Give the entries again exactly, without pictures.

DATA EXTRACTS:
Segment Open

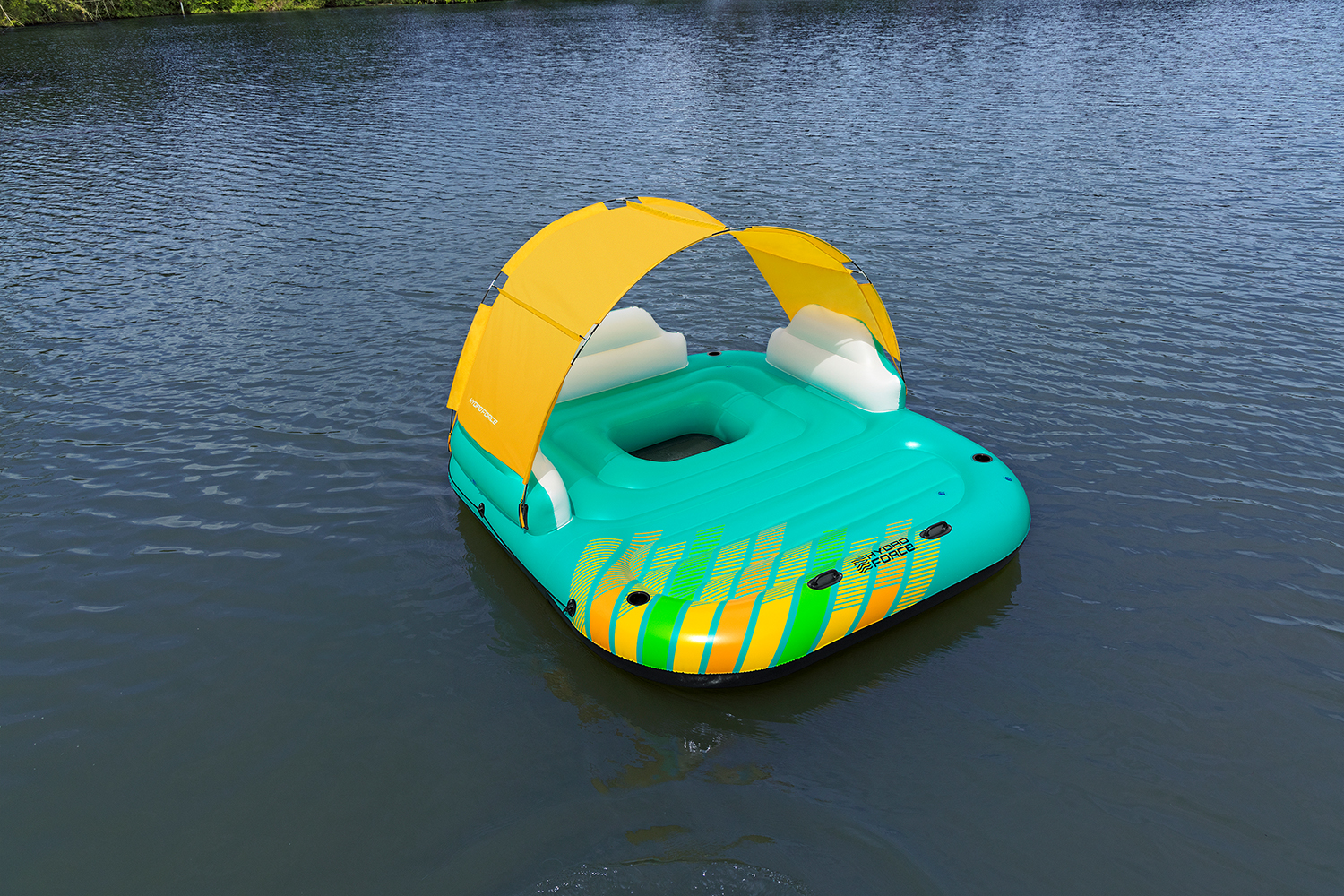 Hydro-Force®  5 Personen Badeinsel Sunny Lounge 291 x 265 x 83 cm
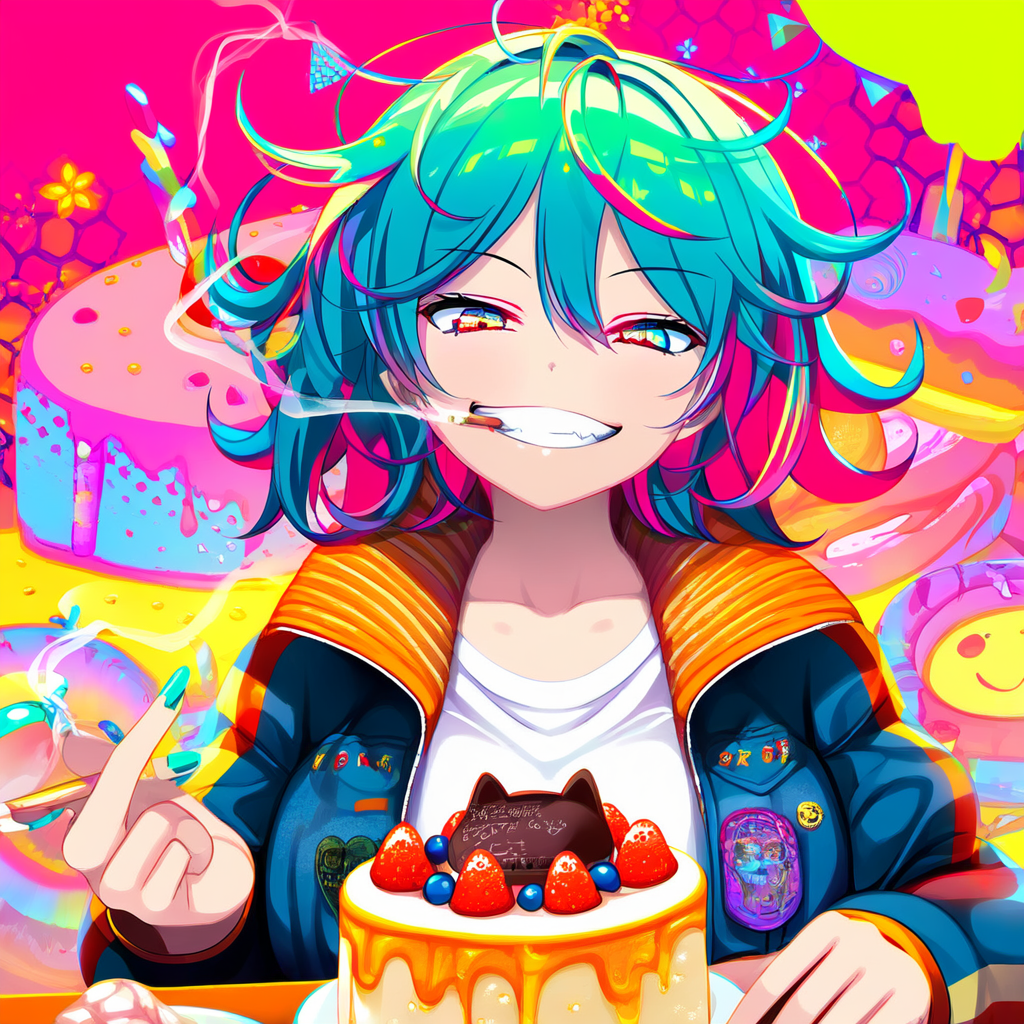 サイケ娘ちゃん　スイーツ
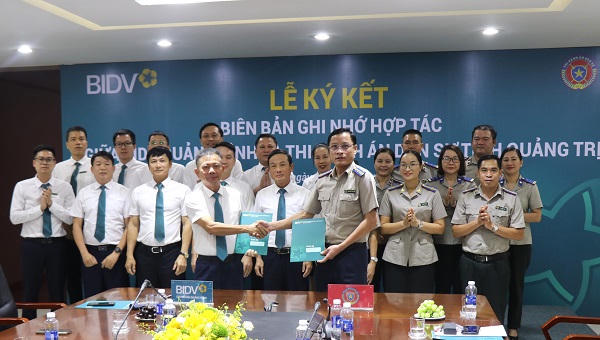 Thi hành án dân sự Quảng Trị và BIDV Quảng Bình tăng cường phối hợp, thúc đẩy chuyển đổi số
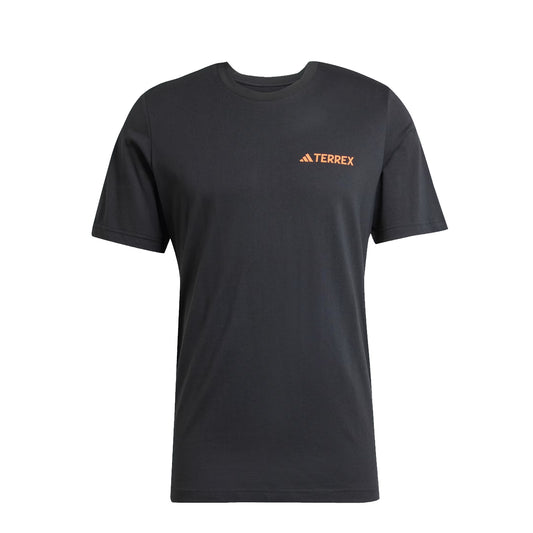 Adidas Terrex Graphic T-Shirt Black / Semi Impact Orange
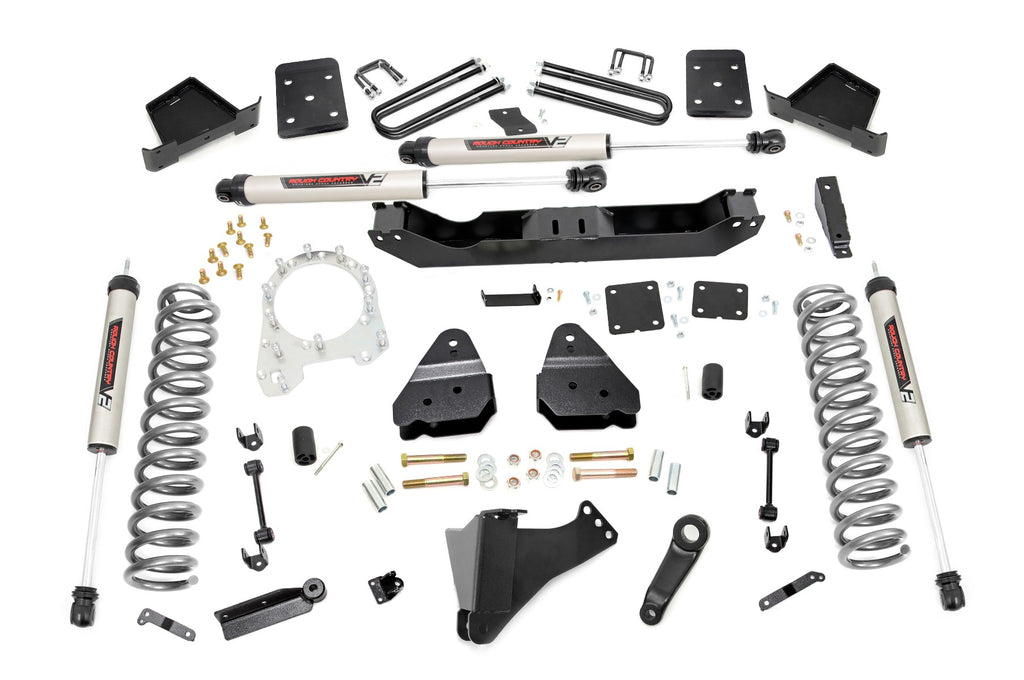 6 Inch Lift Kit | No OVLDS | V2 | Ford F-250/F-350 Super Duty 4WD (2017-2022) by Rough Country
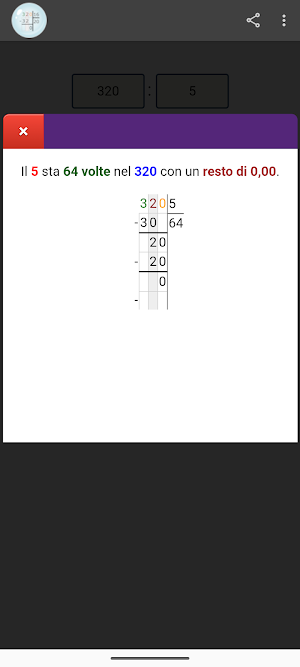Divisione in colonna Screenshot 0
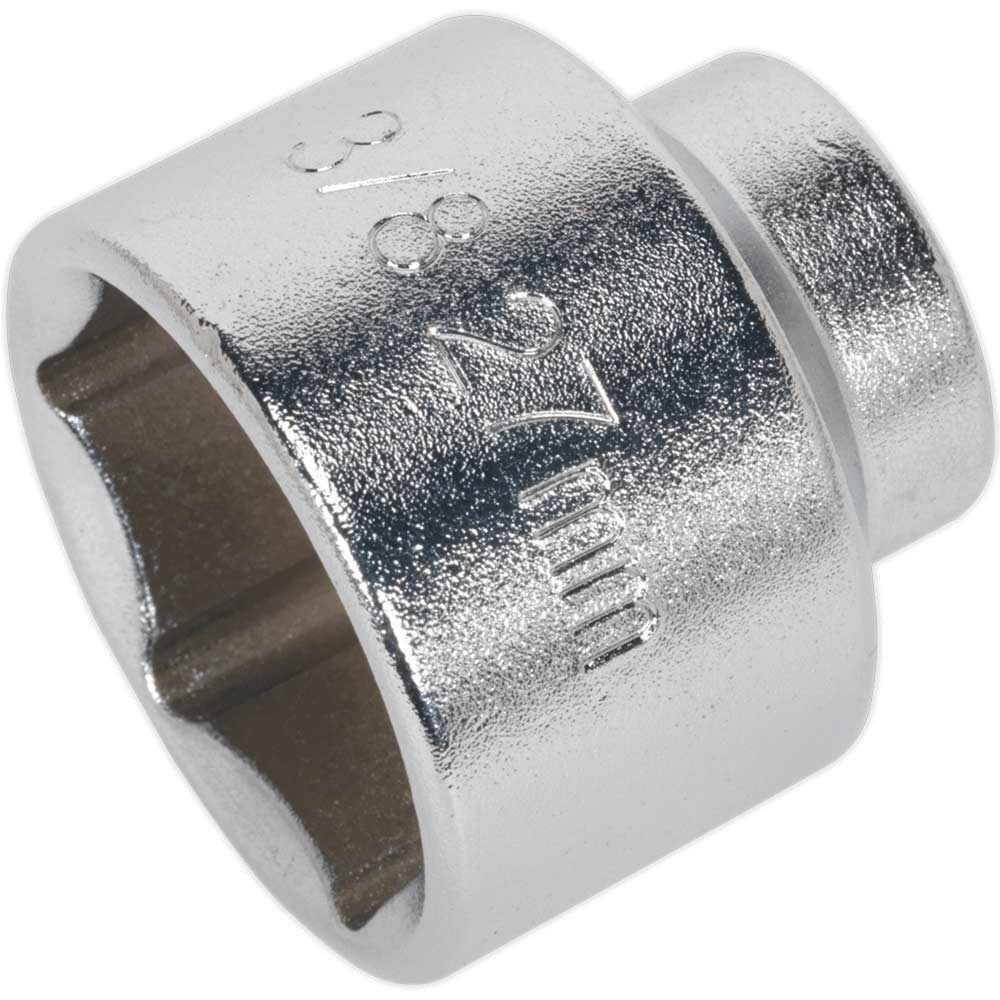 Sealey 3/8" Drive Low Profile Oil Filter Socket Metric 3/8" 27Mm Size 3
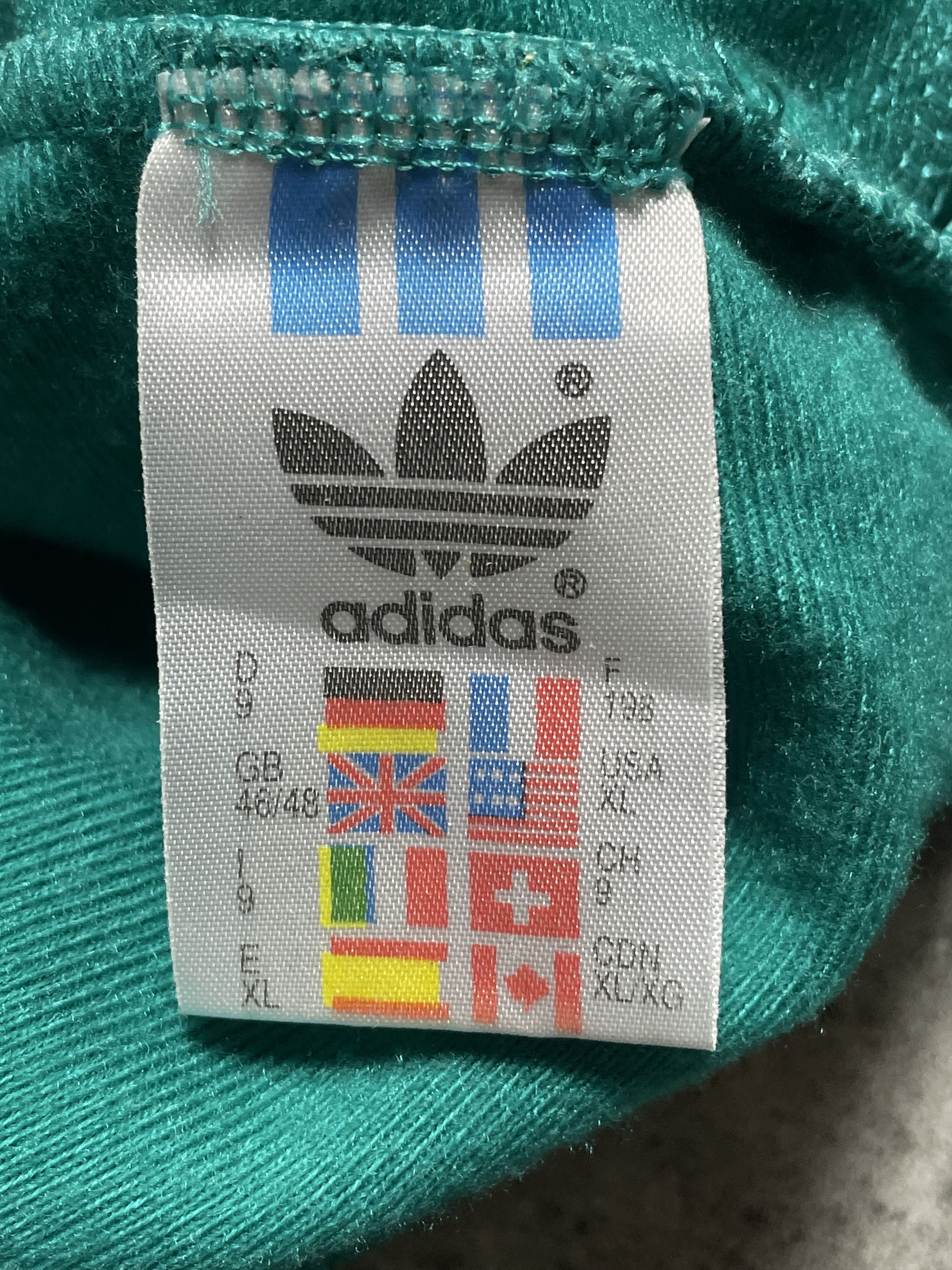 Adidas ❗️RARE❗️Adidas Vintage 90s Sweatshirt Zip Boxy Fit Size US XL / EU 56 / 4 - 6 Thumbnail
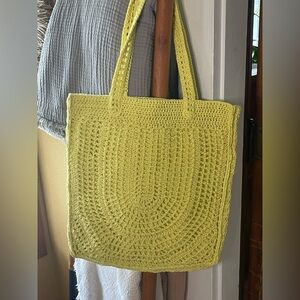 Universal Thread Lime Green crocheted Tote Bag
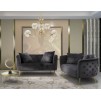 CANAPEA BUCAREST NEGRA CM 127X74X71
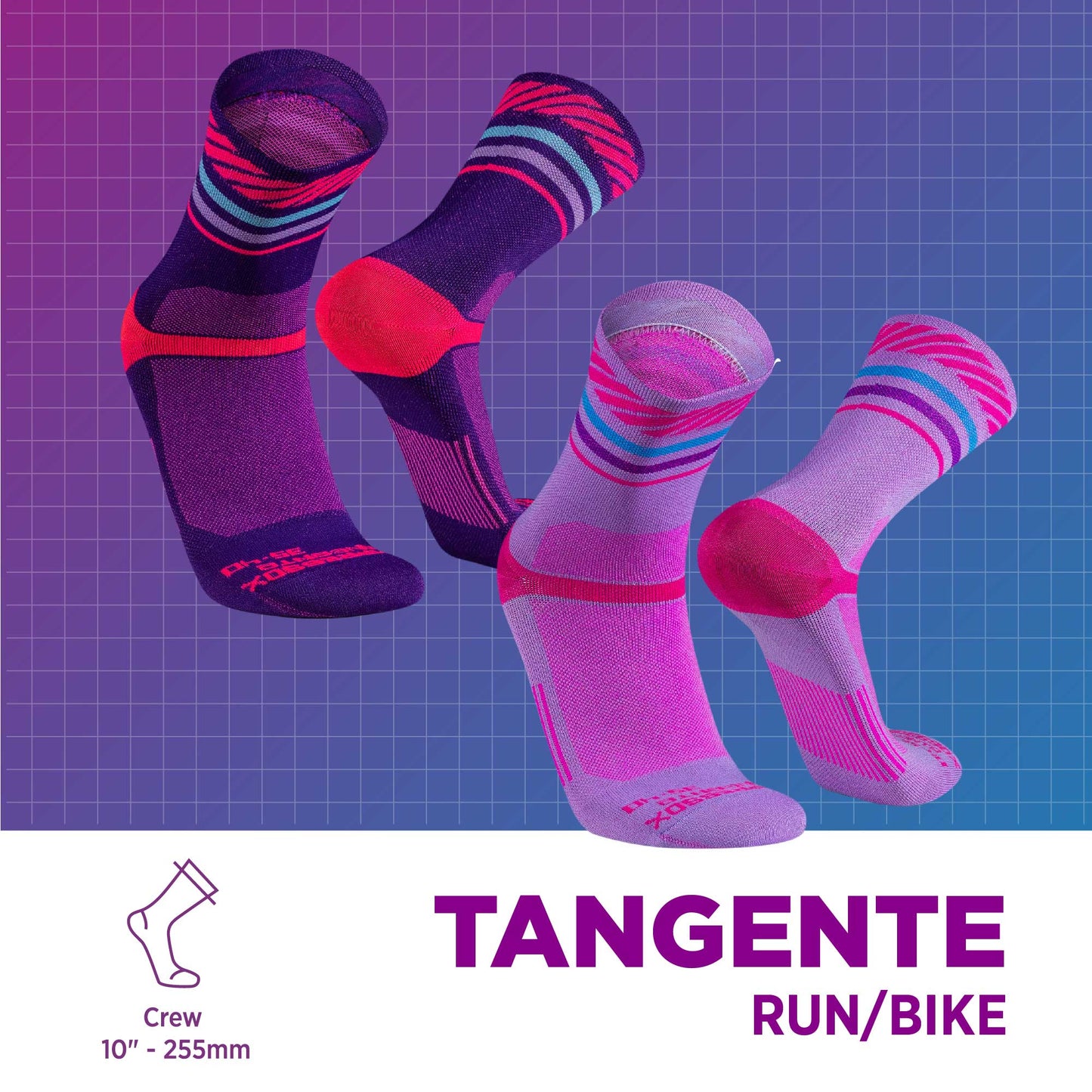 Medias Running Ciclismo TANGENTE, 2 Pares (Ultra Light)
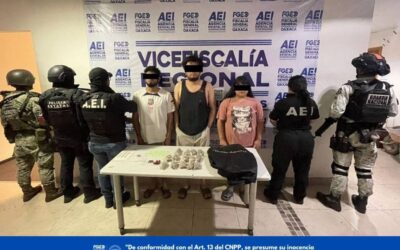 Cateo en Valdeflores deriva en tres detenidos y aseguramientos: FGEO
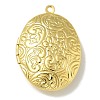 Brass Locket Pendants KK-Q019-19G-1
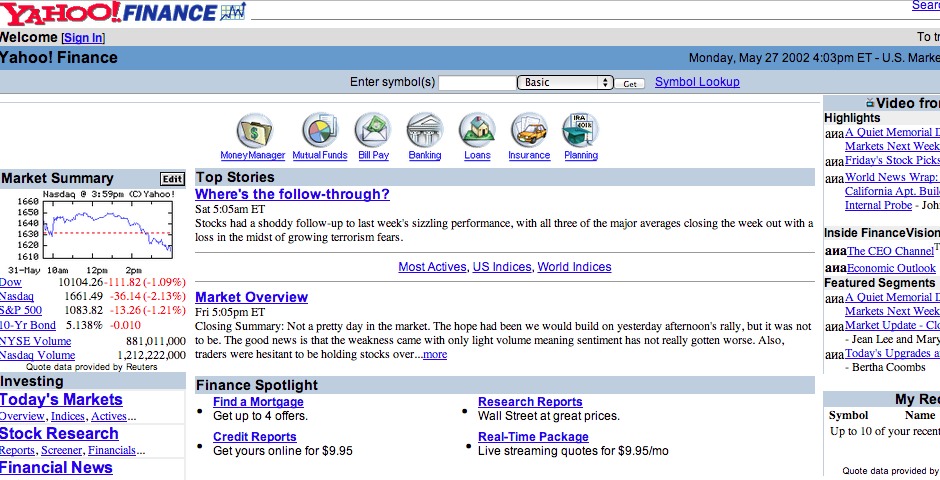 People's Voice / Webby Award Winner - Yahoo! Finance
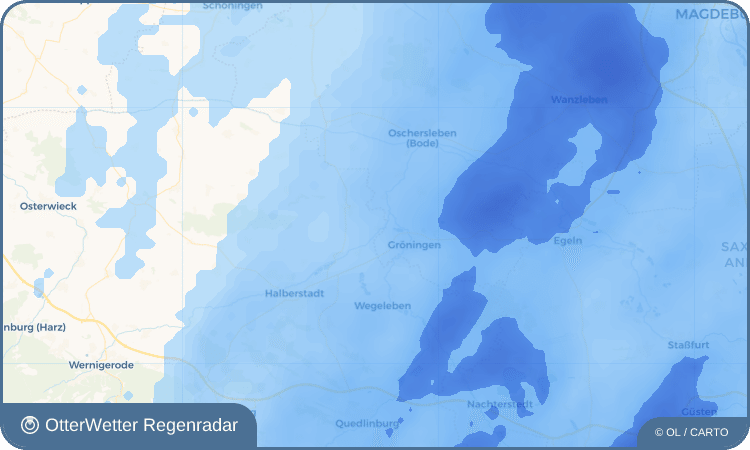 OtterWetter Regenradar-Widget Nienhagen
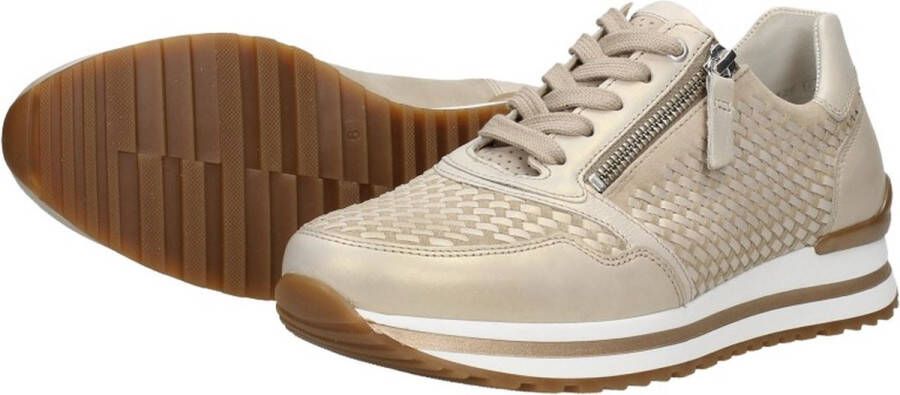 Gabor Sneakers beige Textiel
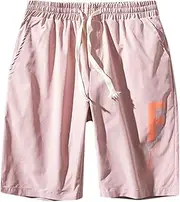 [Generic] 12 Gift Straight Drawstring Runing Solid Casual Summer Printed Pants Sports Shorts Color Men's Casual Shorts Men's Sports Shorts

Segment Closed

ANSWER TO THIS TASK:
 Hydro-Force®  5 Personen Badeinsel Sunny Lounge 291 x 265 x 83 cm
 サイケ娘ちゃん　スイーツ
 Thi hành án dân sự Quảng Trị và BIDV Quảng Bình tăng cường phối hợp, thúc đẩy chuyển đổi số
 Adidas Terrex Graphic T-Shirt Black / Semi Impact Orange
 6 Inch Lift Kit | No OVLDS | V2 | Ford F-250/F-350 Super Duty 4WD (2017-2022) by Rough Country
Divisione in colonna Screenshot 0
 Sealey 3/8" Drive Low Profile Oil Filter Socket Metric 3/8" 27Mm Size 3
 Adidas ❗️RARE❗️Adidas Vintage 90s Sweatshirt Zip Boxy Fit Size US XL / EU 56 / 4 - 6 Thumbnail
 Universal Thread Lime Green crocheted Tote Bag
 CANAPEA BUCAREST NEGRA CM 127X74X71
 Medias Running Ciclismo TANGENTE, 2 Pares (Ultra Light)
 Cateo en Valdeflores deriva en tres detenidos y aseguramientos: FGEO
 Brass Locket Pendants KK-Q019-19G-1
 People's Voice / Webby Award Winner - Yahoo! Finance
 OtterWetter Regenradar-Widget Nienhagen
 Gabor Sneakers beige Textiel
 [Generic] 12 Gift Straight Drawstring Runing Solid Casual Summer Printed Pants Sports Shorts Color Men's Casual Shorts Men's Sports Shorts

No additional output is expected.